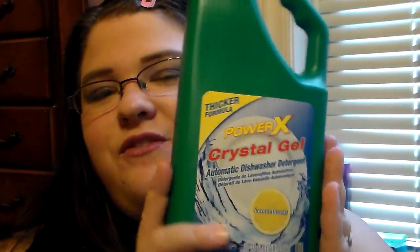The last thing in my haul is the Power X Crystal Gel Automatic Dishwasher Detergent in lemon scent — it's 30 ounces. I've always seen it at Dollar Tree but never tried it personally, so I went ahead and picked it up. I'll give this a shot and let you guys know what I think. I hope y'all have a blessed day — if you've tried any of these products, comment down below and let me know. See you in the next video!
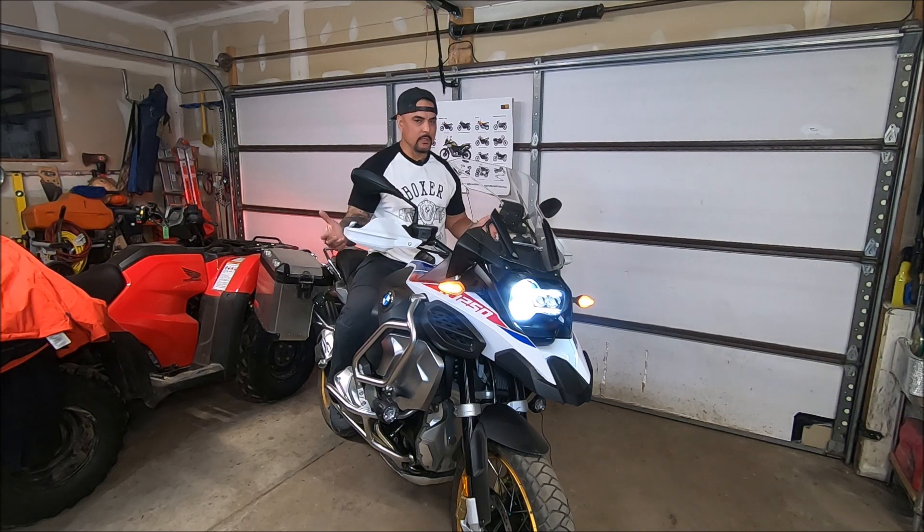Once this bike is in motion, it's not a big deal. You don't notice — at least I don't notice — the weight. I can flick this thing back and forth, the height obviously is not a problem, and it's a great motorcycle. But if you're primarily a commuter doing five miles to and from work every day in town, you're probably not buying this bike anyway.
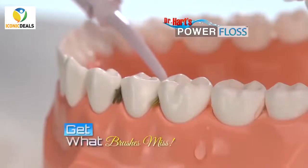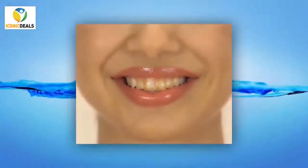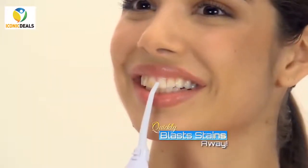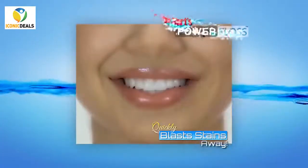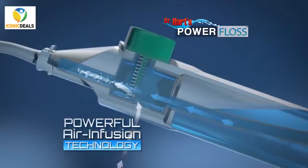Power Floss gets in between teeth to get out what brushes miss. Just watch this. These teeth are covered in coffee stains. Look how Power Floss quickly blasts the stains away, leaving them clean, bright, and beautifully white.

EXERCISE DIRECTIONS =>
Exactly as written above, print every line of the data but not its pictures.

RESPONSE TO THIS TASK =>
The last thing in my haul is the Power X Crystal Gel Automatic Dishwasher Detergent in lemon scent — it's 30 ounces. I've always seen it at Dollar Tree but never tried it personally, so I went ahead and picked it up. I'll give this a shot and let you guys know what I think. I hope y'all have a blessed day — if you've tried any of these products, comment down below and let me know. See you in the next video!
Once this bike is in motion, it's not a big deal. You don't notice — at least I don't notice — the weight. I can flick this thing back and forth, the height obviously is not a problem, and it's a great motorcycle. But if you're primarily a commuter doing five miles to and from work every day in town, you're probably not buying this bike anyway.
Power Floss gets in between teeth to get out what brushes miss. Just watch this. These teeth are covered in coffee stains. Look how Power Floss quickly blasts the stains away, leaving them clean, bright, and beautifully white.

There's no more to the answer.